Some days they’ll head out before dawn, roaming with the tumbleweeds through these southeast counties and towns forgotten by dwellers of Colorado’s booming metros beyond.
They dare not pass a collapsing barn or shed, for fear it won’t be there the next time.
“The more we do it, the more we’re finding that we’re collecting history. This is gonna be gone eventually,” Gearhart says. “It’s about taking something that’s totally ugly, nasty, horrible, and making a piece of art out of it.”
A few weeks ago, during one 300-plus-mile excursion, they were rewarded with old Chevys tangled in weeds. Another time, they stopped in Delhi, entering a darkened convenience store that was no more, where in the back it seemed a family made a home — a Christmas tree still standing, adorned with tinsel and a star. Another time, a man checking on his chickens agreed to show his property.
“There was this tricycle that had just been sitting there out in the open for who knows how long,” Gearhart recalls. “It looked like a little kid just got up and left it.”
Today, they’re sticking close to Nichols’ home in Rocky Ford. “Pray for Rocky Ford,” request signs posted by the roads, overlooked by the stacks of the old sugar factory, the industry that left with the others over the years.
They crunch through the shrubs, careful of snakes as they hop over a dried ditch, crossing the field splashed orange by the setting sun. They arrive at twisting trees covering the crumbling walls of red brick.
“This house, it’s a beautiful house,” Nichols says, “but nobody knows it’s here.”
They clamber through the spaces where screens might have once wrapped around the porch. The wood floor splinters and bounces under their feet. The decaying ceiling sags. The cushion of a sofa is here, a high-heeled shoe there, the bones of a buzzard up the rickety stairs. The evening glow trickles through the cracks in the walls, illuminating the space — heaven for the photographers, perfect.
“Not everything is perfect,” Nichols says. “If it was, it would lose its magic.”

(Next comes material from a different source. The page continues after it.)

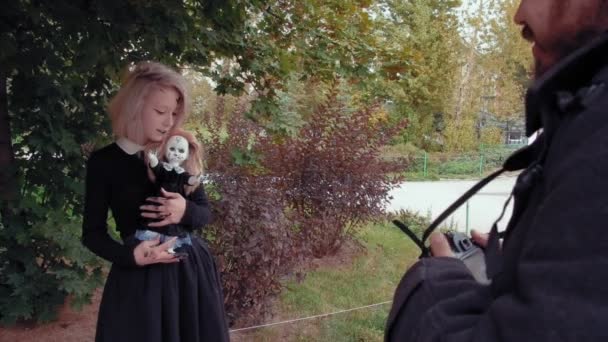 Tournage photo d'une jeune femme dans le caractère d'une fille effrayante au visage blanc avec une poupée — Video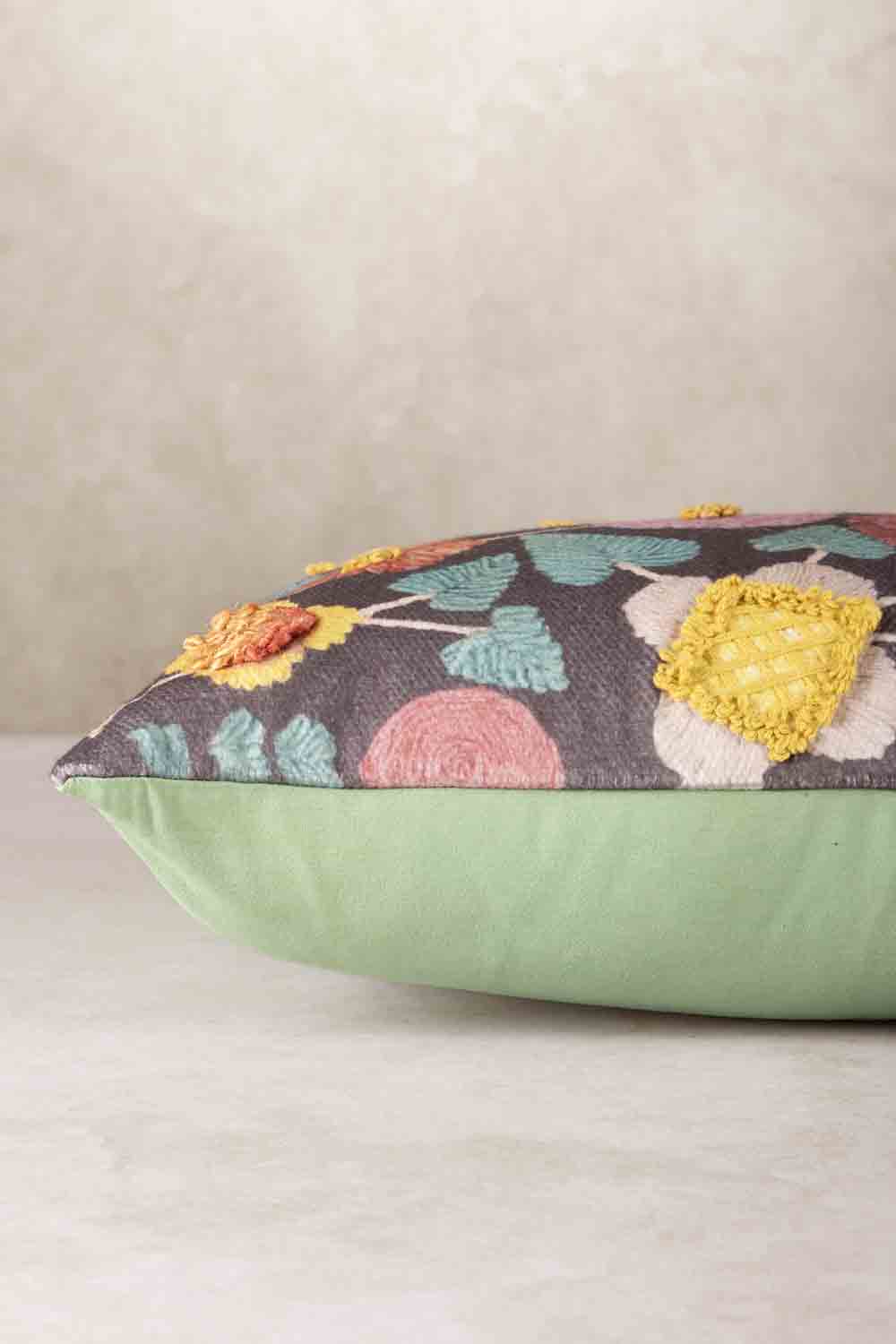 Side profile of rectangular throw pillow showing plush filled structure, soft rounded edges, and contrast between patterned front and solid backing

They prop their tripods, adjust the settings on their cameras, and off they go to their shadowy, dusty corners.
• • •
A beautiful house, Nichols says, not unlike his childhood home. “Well, this is a little bit nicer than anything I grew up in,” he says. “But it’s an old farmhouse. It brings up memories of my youth.”
It went fast, as youth does for anyone who has a baby at 18. He’s now a husband of 24 years, a father of two beautiful daughters. But it doesn’t seem so long ago he was shearing sheep for his dad, washing dishes at the café at night, never leaving to live with his mom in another state because Rocky Ford was where he belonged, despite there being no money.
“What was a luxury to us was so much different,” he says. “Being able to buy a pack of cigarettes or $2 of gas.”
There was also the Kodak camera his mom bought him. That inspired a passion and a shattered dream. Rather than travel the globe with his camera, Nichols ended up teaching skills at the local junior college. Gearhart sat in on those night classes.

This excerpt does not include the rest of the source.